Berger A.C., Hanson P.K., Wylie Nichols J., Corbett A.H.

Niemann-Pick disease type C (NP-C) is a progressive, ultimately fatal, autosomal recessive neurodegenerative disorder. The major biochemical hallmark of the disease is the endocytic accumulation of low-density lipoprotein-derived cholesterol.
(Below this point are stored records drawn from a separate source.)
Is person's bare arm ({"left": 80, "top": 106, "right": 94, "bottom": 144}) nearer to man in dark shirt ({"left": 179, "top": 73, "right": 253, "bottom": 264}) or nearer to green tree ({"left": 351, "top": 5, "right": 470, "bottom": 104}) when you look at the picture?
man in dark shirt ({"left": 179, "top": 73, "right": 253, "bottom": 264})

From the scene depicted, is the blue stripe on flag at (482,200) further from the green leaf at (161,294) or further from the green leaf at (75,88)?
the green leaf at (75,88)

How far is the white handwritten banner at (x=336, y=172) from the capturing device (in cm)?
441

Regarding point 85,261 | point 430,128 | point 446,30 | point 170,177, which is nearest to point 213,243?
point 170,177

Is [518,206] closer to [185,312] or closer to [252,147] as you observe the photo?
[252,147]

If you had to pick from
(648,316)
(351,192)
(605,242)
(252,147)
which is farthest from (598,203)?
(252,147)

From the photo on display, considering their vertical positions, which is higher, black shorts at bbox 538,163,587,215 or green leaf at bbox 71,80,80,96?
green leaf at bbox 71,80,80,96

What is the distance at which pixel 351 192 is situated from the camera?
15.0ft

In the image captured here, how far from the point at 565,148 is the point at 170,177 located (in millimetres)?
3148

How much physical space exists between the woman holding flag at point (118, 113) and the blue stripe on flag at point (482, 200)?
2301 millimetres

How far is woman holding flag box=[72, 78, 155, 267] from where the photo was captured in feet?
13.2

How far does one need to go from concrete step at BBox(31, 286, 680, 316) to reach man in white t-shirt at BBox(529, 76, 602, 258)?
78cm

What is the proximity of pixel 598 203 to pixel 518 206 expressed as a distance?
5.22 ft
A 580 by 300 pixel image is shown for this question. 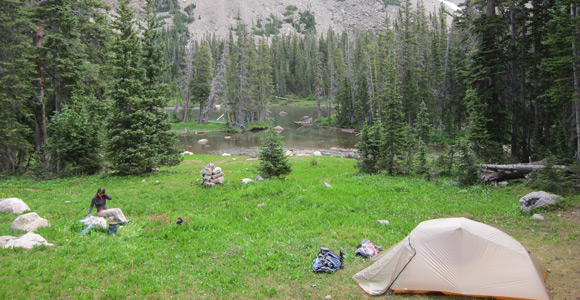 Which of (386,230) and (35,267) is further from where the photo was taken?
(386,230)

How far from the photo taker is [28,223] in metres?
11.1

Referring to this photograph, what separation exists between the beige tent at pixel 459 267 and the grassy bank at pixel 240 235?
0.40 meters

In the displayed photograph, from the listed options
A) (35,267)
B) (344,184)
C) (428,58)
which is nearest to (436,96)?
(428,58)

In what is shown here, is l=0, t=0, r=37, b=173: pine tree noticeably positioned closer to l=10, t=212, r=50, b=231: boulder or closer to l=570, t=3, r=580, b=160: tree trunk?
l=10, t=212, r=50, b=231: boulder

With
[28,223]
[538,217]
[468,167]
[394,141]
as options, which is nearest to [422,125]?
[394,141]

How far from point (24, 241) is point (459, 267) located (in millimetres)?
12269

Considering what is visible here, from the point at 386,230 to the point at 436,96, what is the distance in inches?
1926

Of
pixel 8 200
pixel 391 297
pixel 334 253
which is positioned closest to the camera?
pixel 391 297

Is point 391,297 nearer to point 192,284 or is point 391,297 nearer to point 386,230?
point 386,230

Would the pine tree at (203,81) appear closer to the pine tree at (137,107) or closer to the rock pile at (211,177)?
the pine tree at (137,107)

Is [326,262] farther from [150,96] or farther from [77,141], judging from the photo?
[77,141]

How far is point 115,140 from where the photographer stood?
20984 millimetres

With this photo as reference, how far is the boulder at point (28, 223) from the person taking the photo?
1090cm

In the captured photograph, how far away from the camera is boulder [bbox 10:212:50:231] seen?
35.8ft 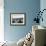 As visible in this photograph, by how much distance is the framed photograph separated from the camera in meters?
5.80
The majority of NP-C patients have mutations in the Niemann-Pick type C1 gene, NPC1. This study focuses on the Saccharomyces cerevisiae homolog of the human NPC1 protein encoded by the NCR1 gene. Ncr1p localizes to the vacuole, the yeast equivalent to the mammalian endosome-lysosome system. Here, we identify the first phenotype caused by deletion of NCR1 from the yeast genome, resistance to the ether lipid drug, edelfosine. Our results indicate that edelfosine has a cytotoxic, rather than cytostatic, effect on wildtype yeast cells. We exploit the edelfosine resistance phenotype to assess the function of yeast Ncr1 proteins carrying amino acid changes corresponding to human NPC1 patient mutations. We find that one of these amino acid changes severely compromises Ncr1p function as assessed using the edelfosine resistance assay. These findings establish S. cerevisiae as a model system that can be exploited to analyze the molecular consequences of patient mutations in NPC1 and provide the basis for future genetic studies using yeast.